Retype the records below exactly as they appear, but leave out any pictures.

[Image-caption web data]
——
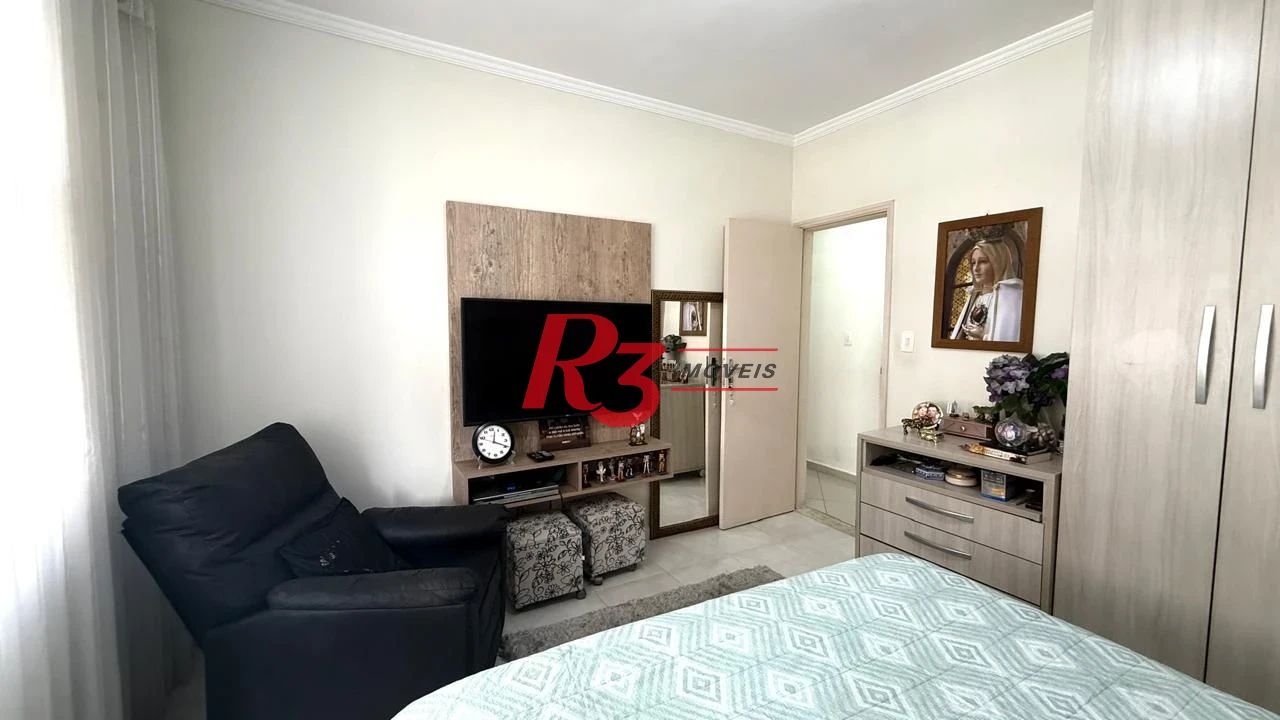 Apartamento à venda, 102 m² por R$ 835.000,00 - Gonzaga - Santos/SP
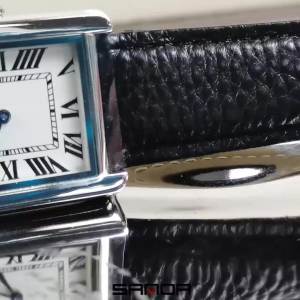 SANDA New Couple Tank Watches Wear Resistant Leather Strap Luxury Square Dial Waterproof Sports Casual Men Women Quartz Watches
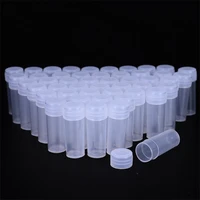 50pcs 5ml plastic bottle sample jar 5g small barrel vials medicine pill liquid powder capsule storage container packing bottles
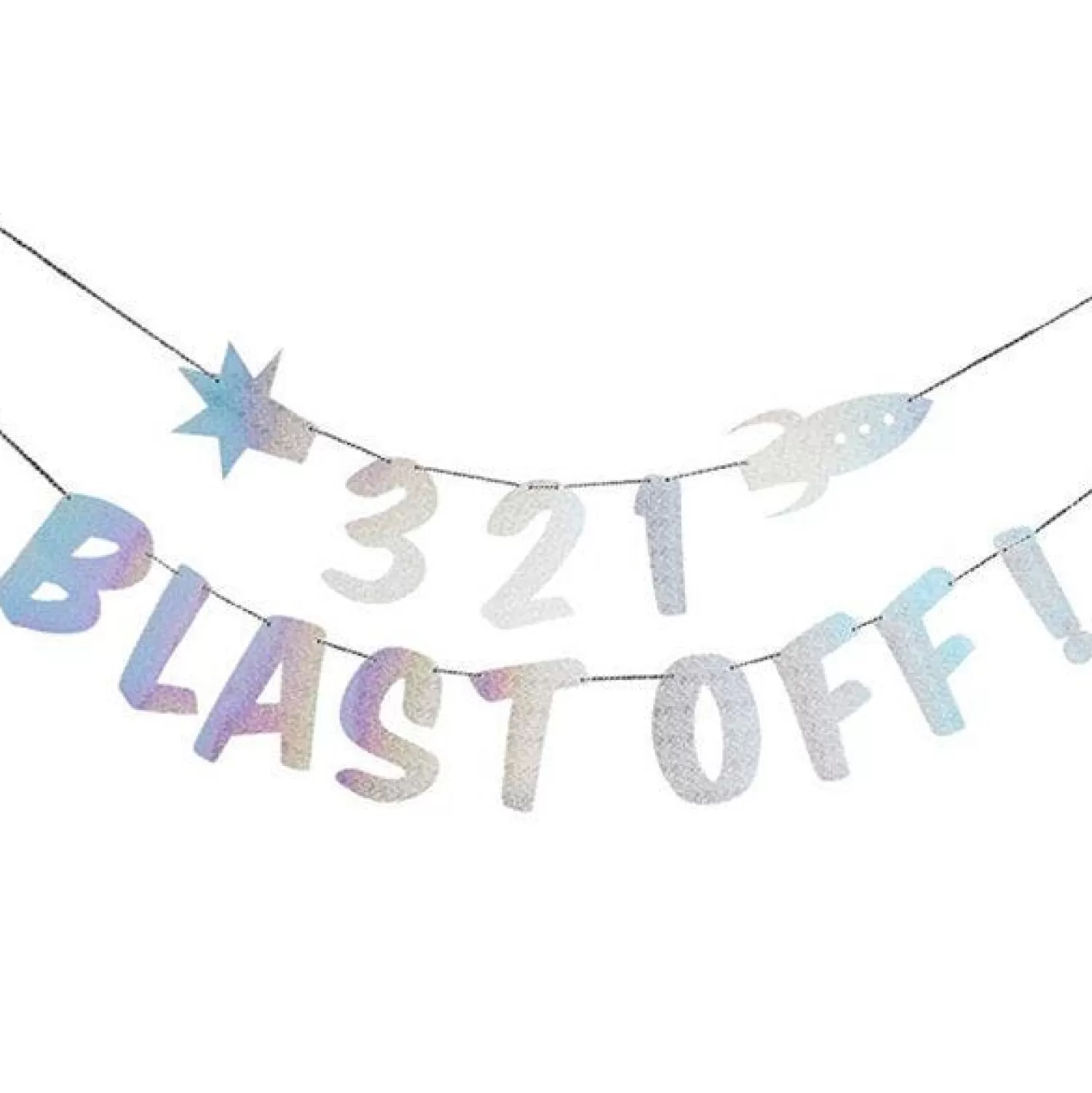 Flash Sale Party Delights 3, 2, 1 Blast Off Banner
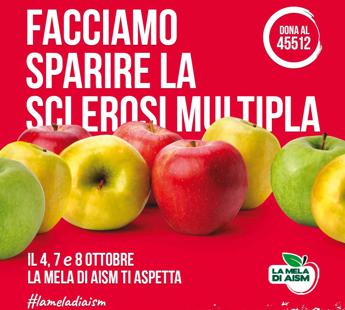 Torna ‘La mela di Aism’, oltre 2 milioni di frutti per la lotta alla sclerosi multipla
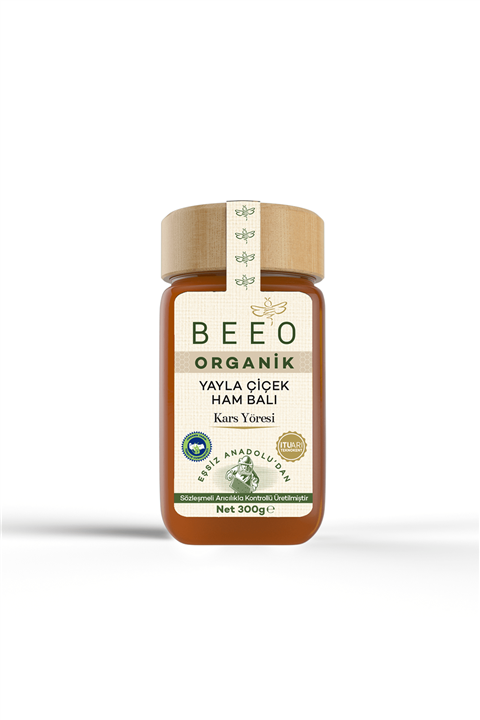 BEE'O Organik Süzme Yayla Çiçek Balı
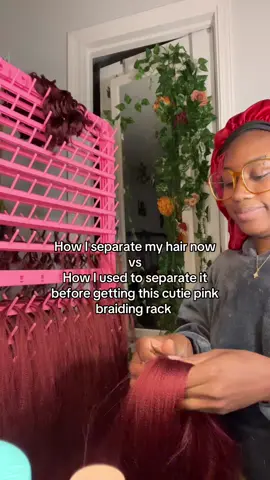 I would literally separate some hair after each braid. It was so time consuming  #braider #musthaves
——
## Exercise response
 Apartamento à venda, 102 m² por R$ 835.000,00 - Gonzaga - Santos/SP
 SANDA New Couple Tank Watches Wear Resistant Leather Strap Luxury Square Dial Waterproof Sports Casual Men Women Quartz Watches
 50pcs 5ml plastic bottle sample jar 5g small barrel vials medicine pill liquid powder capsule storage container packing bottles
 Flash Sale Party Delights 3, 2, 1 Blast Off Banner
 Torna ‘La mela di Aism’, oltre 2 milioni di frutti per la lotta alla sclerosi multipla
 BEE'O Organik Süzme Yayla Çiçek Balı
 I would literally separate some hair after each braid. It was so time consuming  #braider #musthaves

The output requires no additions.